### YOUR INSTRUCTIONS:
Type out the lines below exactly, pictures excluded.

== == ==

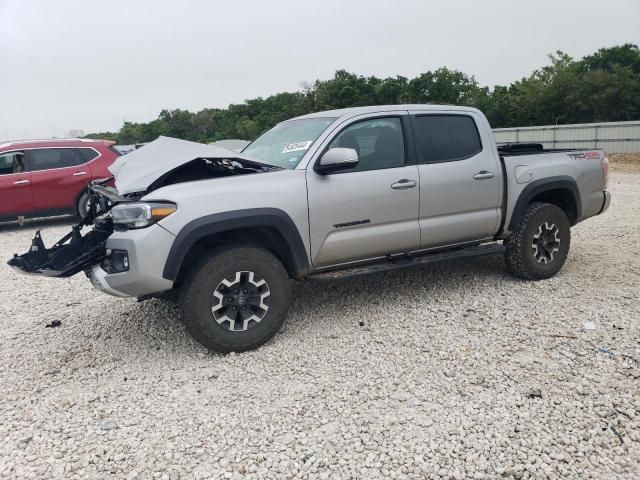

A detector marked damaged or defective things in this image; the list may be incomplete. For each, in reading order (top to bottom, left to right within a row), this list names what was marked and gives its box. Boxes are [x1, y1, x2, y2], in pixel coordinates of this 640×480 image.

crumpled hood [110, 136, 270, 194]
damaged front end [7, 181, 125, 278]
detached front bumper [88, 224, 175, 296]
detached front bumper [596, 190, 612, 215]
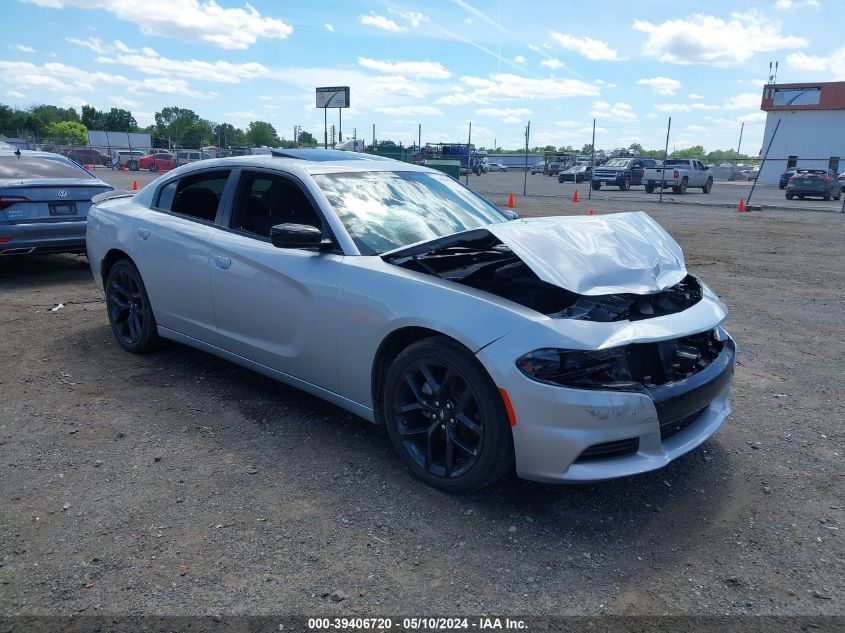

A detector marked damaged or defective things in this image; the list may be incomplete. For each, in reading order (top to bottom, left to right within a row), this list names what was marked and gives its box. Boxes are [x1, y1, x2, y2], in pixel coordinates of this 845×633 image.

damaged front end [382, 212, 700, 320]
crumpled hood [488, 210, 684, 294]
broken headlight [516, 346, 640, 390]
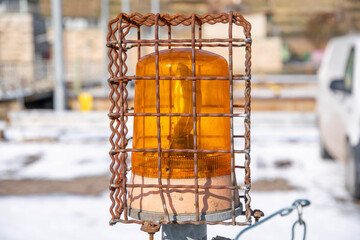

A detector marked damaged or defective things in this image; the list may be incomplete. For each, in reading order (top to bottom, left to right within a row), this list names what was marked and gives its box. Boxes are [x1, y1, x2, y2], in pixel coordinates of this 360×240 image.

rusted metal wire [106, 11, 253, 232]
rusty wire cage [107, 11, 253, 231]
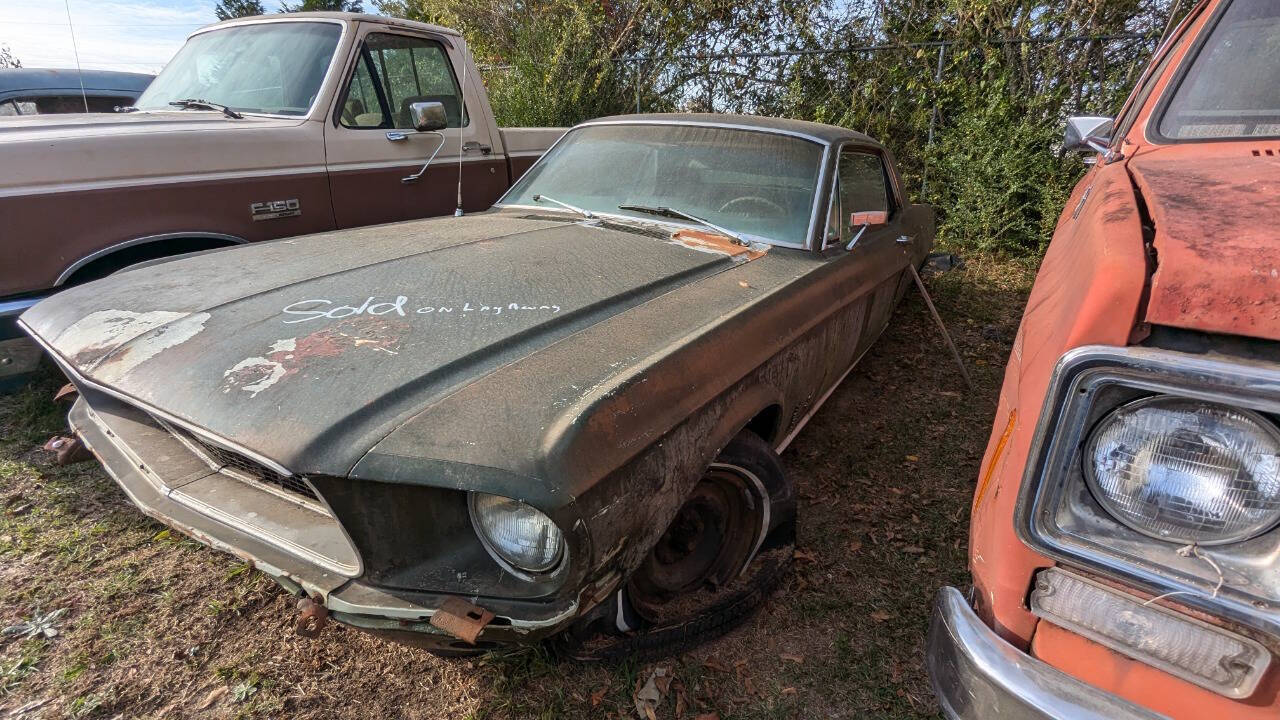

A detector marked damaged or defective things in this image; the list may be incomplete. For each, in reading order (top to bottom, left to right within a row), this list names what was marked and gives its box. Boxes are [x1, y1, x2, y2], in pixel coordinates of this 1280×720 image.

rusted ford mustang [20, 114, 928, 660]
rusty orange car [928, 1, 1280, 720]
rusted ford mustang [928, 1, 1280, 720]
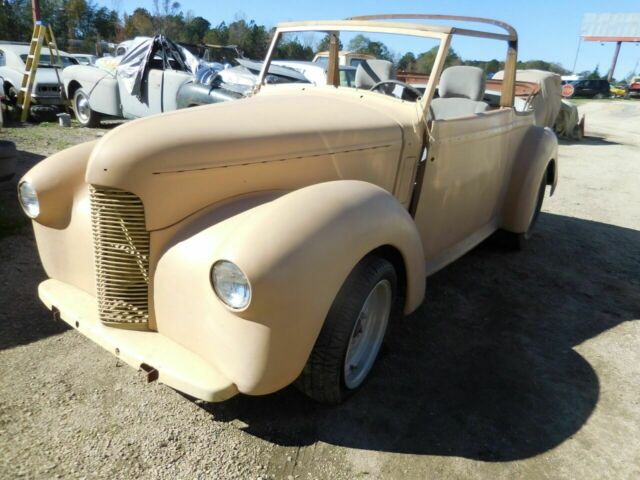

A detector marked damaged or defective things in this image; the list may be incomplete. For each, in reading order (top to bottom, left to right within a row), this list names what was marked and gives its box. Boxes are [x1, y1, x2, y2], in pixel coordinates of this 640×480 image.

abandoned white car [20, 14, 556, 404]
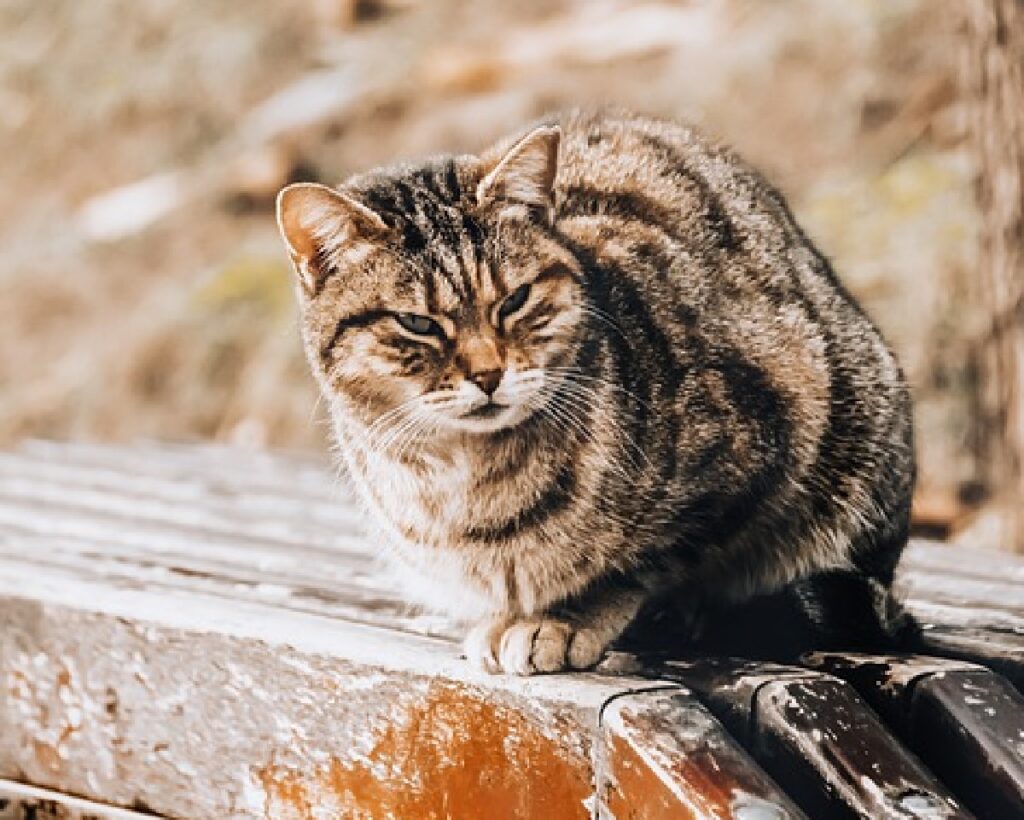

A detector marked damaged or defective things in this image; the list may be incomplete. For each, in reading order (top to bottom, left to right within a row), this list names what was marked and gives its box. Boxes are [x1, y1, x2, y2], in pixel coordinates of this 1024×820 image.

peeling orange paint [258, 679, 593, 818]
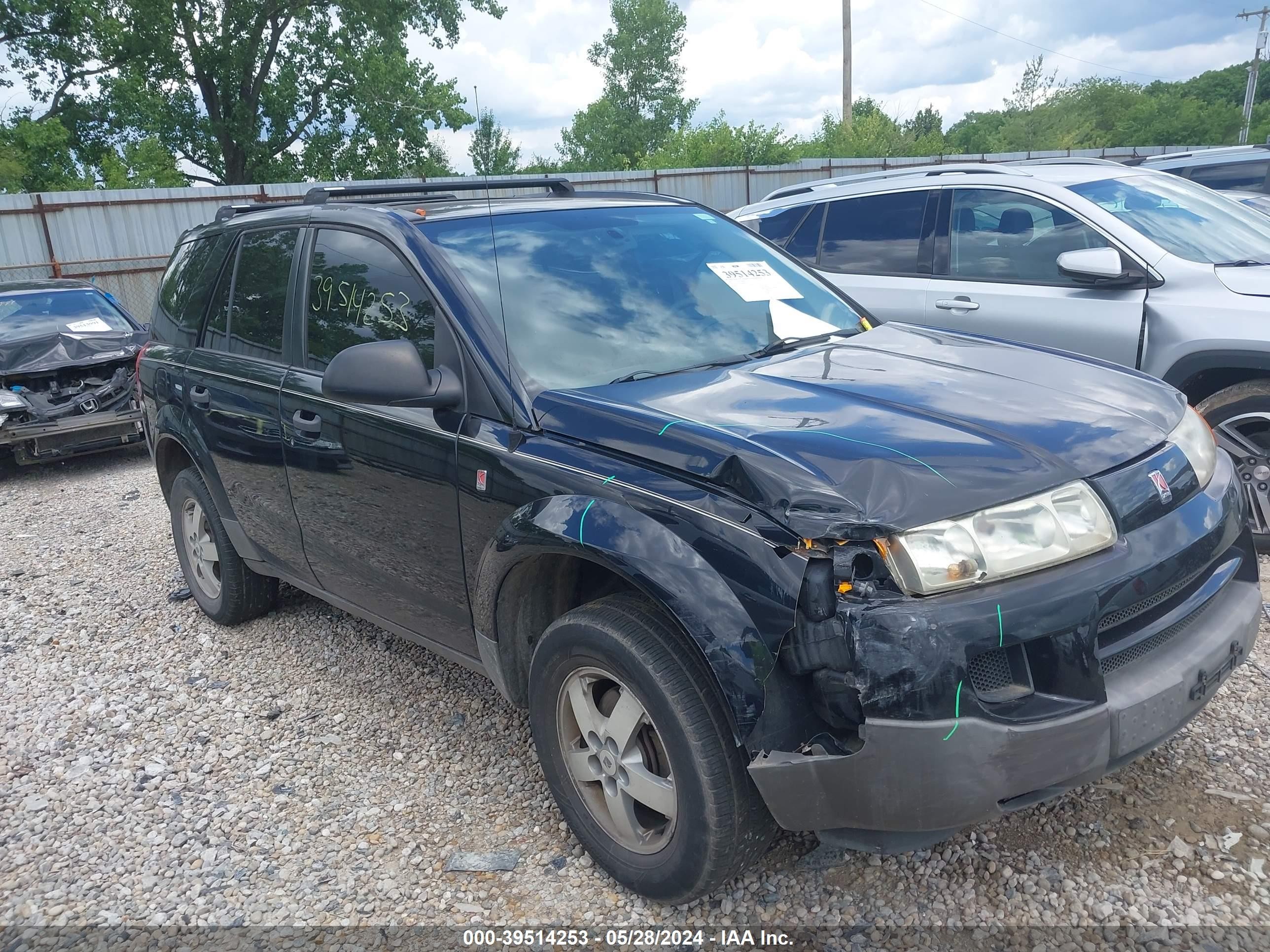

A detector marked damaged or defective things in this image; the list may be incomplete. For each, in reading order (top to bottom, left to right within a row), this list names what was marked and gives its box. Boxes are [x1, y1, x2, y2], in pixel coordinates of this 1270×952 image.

damaged front bumper [0, 406, 144, 467]
damaged car front end [0, 279, 147, 467]
crumpled fender [472, 495, 797, 741]
dark blue damaged car [139, 179, 1260, 904]
dented hood [530, 325, 1183, 541]
broken headlight housing [879, 485, 1117, 596]
damaged front bumper [746, 452, 1255, 853]
broken headlight housing [1163, 404, 1214, 487]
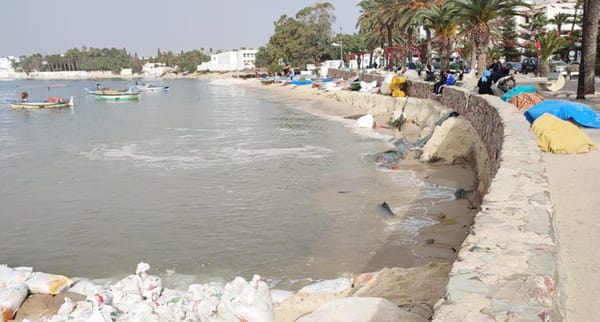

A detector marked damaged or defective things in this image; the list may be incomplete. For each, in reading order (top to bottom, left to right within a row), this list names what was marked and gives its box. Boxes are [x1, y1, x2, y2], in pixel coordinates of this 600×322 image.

coastal erosion damage [328, 69, 556, 320]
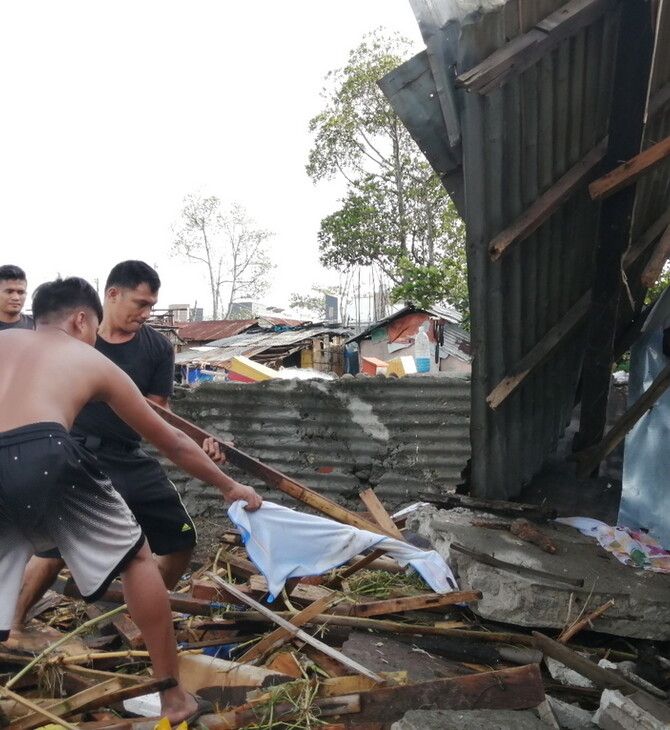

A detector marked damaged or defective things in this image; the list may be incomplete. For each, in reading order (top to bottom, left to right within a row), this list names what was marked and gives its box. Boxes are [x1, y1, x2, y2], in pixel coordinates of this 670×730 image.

broken wood plank [490, 141, 612, 258]
broken wood plank [592, 132, 670, 200]
broken wood plank [576, 358, 670, 478]
broken wood plank [147, 398, 396, 536]
broken wood plank [360, 486, 406, 536]
broken wood plank [448, 540, 584, 584]
broken wood plank [238, 596, 342, 664]
broken wood plank [205, 572, 384, 680]
broken wood plank [346, 588, 484, 616]
broken wood plank [560, 596, 616, 644]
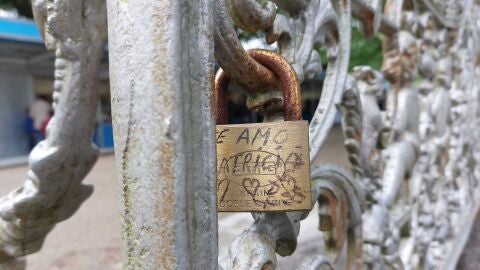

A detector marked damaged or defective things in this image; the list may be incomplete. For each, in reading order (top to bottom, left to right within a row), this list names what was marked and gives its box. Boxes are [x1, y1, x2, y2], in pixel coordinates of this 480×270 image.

rusty padlock [214, 49, 312, 212]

== == ==

### ANSWER SPACE:
A detector marked damaged or defective things in this image; the list may be incomplete. For each, in reading order (top to bottom, left to right within a row), this list names what was marked and gives its box. Boxes are [x1, y1, x2, y2], in pixel coordinates of this 640×480 image.

crumpled hood [110, 136, 270, 194]
damaged front end [7, 181, 125, 278]
detached front bumper [88, 224, 175, 296]
detached front bumper [596, 190, 612, 215]

A detector marked damaged or defective things in this image; the list may be incomplete. For each, in reading order (top to bottom, left to right within a row), this list names what was marked and gives its box. Boxes are [x1, y1, x2, y2], in pixel coordinates of this 845×633 image.

damaged front end [382, 212, 700, 320]
crumpled hood [488, 210, 684, 294]
broken headlight [516, 346, 640, 390]

A detector marked damaged or defective things in this image; the list may be incomplete. For each, in reading order (top to bottom, left to right within a row), this list names what was marked and gives its box. Boxes are [x1, y1, x2, y2], in pixel coordinates of this 360×240 image.

rusted metal wire [106, 11, 253, 232]
rusty wire cage [107, 11, 253, 231]

A detector marked damaged or defective things in this image; the list may be incomplete. For each, in reading order (top to bottom, left to right within a row), this list names what was marked and gives its box. Boxes are [x1, y1, x2, y2], in pixel coordinates of this 1280×720 image.

rusted ford mustang [20, 114, 928, 660]
rusty orange car [928, 1, 1280, 720]
rusted ford mustang [928, 1, 1280, 720]

A detector marked damaged or defective things in this image; the list may be incomplete. For each, in reading order (top to bottom, left to right within a row), this list names what was marked and gives its box. Boxes are [x1, y1, x2, y2], in pixel coordinates of this 640×480 image.

abandoned white car [20, 14, 556, 404]

A detector marked damaged or defective things in this image; the list may be incomplete. For each, in reading order (top to bottom, left to right within a row), this list names what was marked and gives its box. Boxes are [x1, y1, x2, y2], in pixel coordinates of this 1024×820 image.

peeling orange paint [258, 679, 593, 818]

A detector marked damaged or defective things in this image; the list may be incomplete. For each, in reading order (top to bottom, left to right within a row), this list names what was marked and gives its box. Boxes are [x1, y1, x2, y2], in pixel coordinates of this 1270×952 image.

damaged front bumper [0, 406, 144, 467]
damaged car front end [0, 279, 147, 467]
crumpled fender [472, 495, 797, 741]
dark blue damaged car [139, 179, 1260, 904]
dented hood [530, 325, 1183, 541]
broken headlight housing [879, 485, 1117, 596]
damaged front bumper [746, 452, 1255, 853]
broken headlight housing [1163, 404, 1214, 487]

A detector marked damaged or defective things in this image; the list may be incomplete. For each, in reading order (top to bottom, left to right within a row), this list names what was marked and gives its box. Boxes are [x1, y1, x2, y2], in pixel coordinates of this 600×322 image.

coastal erosion damage [328, 69, 556, 320]

A detector marked damaged or defective things in this image; the list may be incomplete. For each, in reading order (top to bottom, left to right within a row), this list names what was marked and gives its box. Boxes are [x1, y1, x2, y2], in pixel coordinates of this 670×730 image.

broken wood plank [490, 141, 612, 258]
broken wood plank [592, 132, 670, 200]
broken wood plank [576, 358, 670, 478]
broken wood plank [147, 398, 396, 536]
broken wood plank [360, 486, 406, 536]
broken wood plank [448, 540, 584, 584]
broken wood plank [238, 596, 342, 664]
broken wood plank [205, 572, 384, 680]
broken wood plank [346, 588, 484, 616]
broken wood plank [560, 596, 616, 644]

A detector marked damaged or defective things in this image; the list may be incomplete. For each, in reading order (top to bottom, left to right within a row), this list names what was marked and gives its box. Boxes are [x1, y1, x2, y2], in pixel coordinates of this 480×270 image.

rusty padlock [214, 49, 312, 212]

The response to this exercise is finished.